___ DATA TO PROCESS

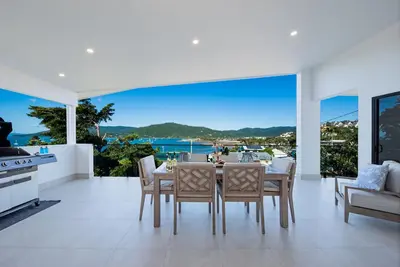 Image de New Modern Contemporary Holiday Home in the heart of Airlie Beach
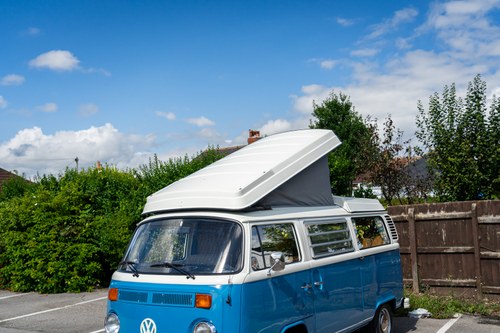 1972 Volkswagen T2 Bay Window Campervan En venta (imagen 97 de 140)
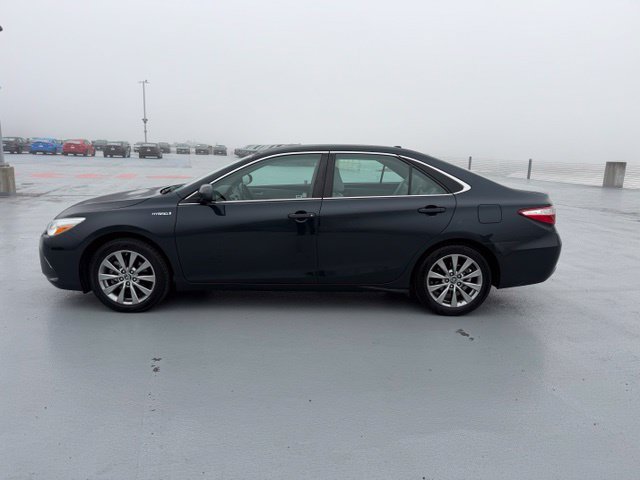 Used 2017 Toyota Camry XLE FWD image 6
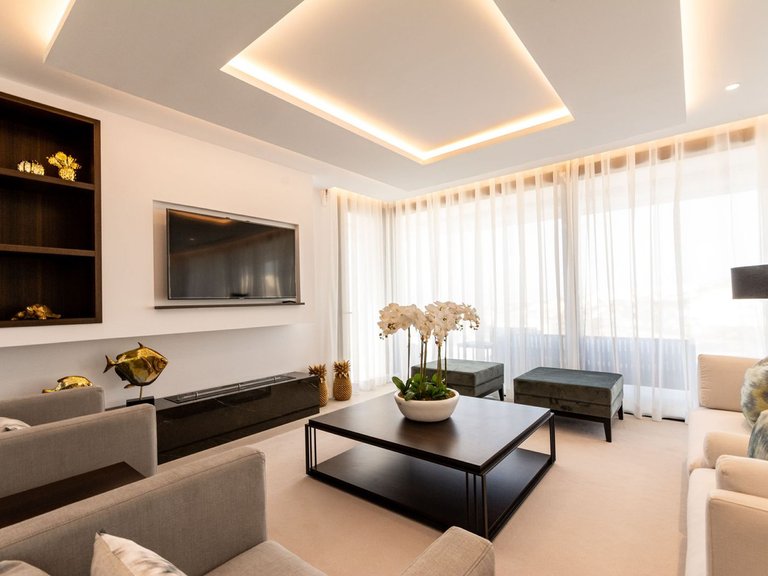 Villa for Sale in Nueva Andalucía, Malaga 1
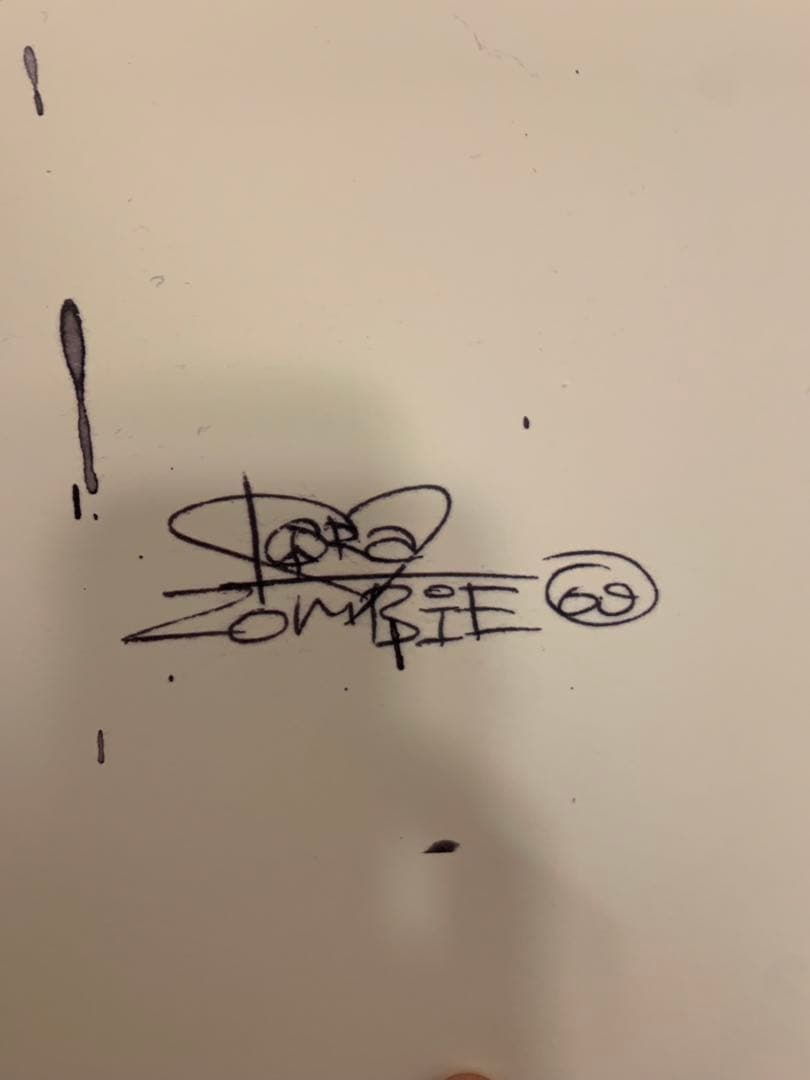 Lora Zombie　(ロラ・ゾンビ) 絵画　アート　水彩画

______

TASK GOAL> Starting at the line that contains "Used 2017 Toyota Camry XLE FWD image 6", transcribe each line through the last one of the entries above, exactly and without pictures.

REPLY TO THE TASK>
 Used 2017 Toyota Camry XLE FWD image 6
 Villa for Sale in Nueva Andalucía, Malaga 1
 Lora Zombie　(ロラ・ゾンビ) 絵画　アート　水彩画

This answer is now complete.